Unlike the transformers implementation, the algorithm performs a cumulative sum on logits probabilities sorted in descending order, which seems to lead to a different selection.

Example:

scores = [0.1, 0.2, 0.7]
top_p = 0.8
top_p_scores = [0.2, 0.7]

transformers algorithm

sorted_scores = [0.1, 0.2, 0.7]
cum_sum = [0.1, 0.3, 1.0]
top_p_scores = top_p_scores[cum_sum > (1 - top_p)] = [0.2, 0.7] <- correct

transformers-neuronx algorithm

sorted_scores = [0.7, 0.2, 0.1]
cum_sum = [0.7, 0.9, 1.0]
top_p_scores = top_p_scores[cum_sum <= top_p] = [0.7] <-incorrect

I checked the result by crafting a sample:

>>> import torch
>>> from transformers_neuronx.sampling import top_k_top_p_filtering
>>> probs = torch.tensor([[0.1, 0.2, 0.7]])
>>> logits = torch.log(probs)
>>> top_p_logits, top_p_indices = top_k_top_p_filtering(logits, top_k=None, top_p=0.8)
>>> print(top_p_indices)
tensor([[2]])
aws-rhsoln commented 9 months ago

Thank you for reporting. We are looking into it, will get back on this soon

aws-rhsoln commented 9 months ago

We identified the issue, and we would have a fix in the upcoming release.
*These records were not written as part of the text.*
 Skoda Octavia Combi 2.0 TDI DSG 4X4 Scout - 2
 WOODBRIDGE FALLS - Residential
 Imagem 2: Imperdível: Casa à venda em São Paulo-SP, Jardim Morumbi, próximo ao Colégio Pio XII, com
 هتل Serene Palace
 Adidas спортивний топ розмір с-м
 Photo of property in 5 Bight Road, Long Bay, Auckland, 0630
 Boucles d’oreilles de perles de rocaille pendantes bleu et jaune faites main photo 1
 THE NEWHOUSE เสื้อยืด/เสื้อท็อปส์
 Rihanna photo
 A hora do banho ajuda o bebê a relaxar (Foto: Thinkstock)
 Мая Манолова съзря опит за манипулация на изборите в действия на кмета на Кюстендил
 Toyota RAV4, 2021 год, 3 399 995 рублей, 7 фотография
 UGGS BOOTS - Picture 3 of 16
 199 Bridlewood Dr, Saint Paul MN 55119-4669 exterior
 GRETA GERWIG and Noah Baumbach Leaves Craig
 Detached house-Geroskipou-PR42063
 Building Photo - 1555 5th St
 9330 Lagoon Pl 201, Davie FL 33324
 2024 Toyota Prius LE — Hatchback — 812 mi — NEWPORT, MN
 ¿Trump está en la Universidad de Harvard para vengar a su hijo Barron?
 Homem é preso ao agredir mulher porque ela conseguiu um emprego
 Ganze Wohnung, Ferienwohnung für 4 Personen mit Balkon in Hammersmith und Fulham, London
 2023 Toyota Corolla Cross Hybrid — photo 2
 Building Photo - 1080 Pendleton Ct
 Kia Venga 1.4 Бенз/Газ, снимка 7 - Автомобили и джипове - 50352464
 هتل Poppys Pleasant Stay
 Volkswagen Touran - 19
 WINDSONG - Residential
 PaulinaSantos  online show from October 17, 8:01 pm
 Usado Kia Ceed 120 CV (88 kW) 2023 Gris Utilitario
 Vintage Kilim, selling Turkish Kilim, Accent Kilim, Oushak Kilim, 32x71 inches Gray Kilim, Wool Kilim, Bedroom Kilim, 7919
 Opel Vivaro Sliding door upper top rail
gsnaws commented 6 months ago

@dacorvo I believe this is fixed with the latest 2.16. Please try and let us know if you are still facing any issues.

dacorvo commented 5 months ago

Actually, I don't use it: it is just that going through the code I noticed a difference with what is done in transformers.

aws-rhsoln commented 4 months ago

Closing the issue as its suppose to be fixed with 2.16 release. Please re-open if you find another issue.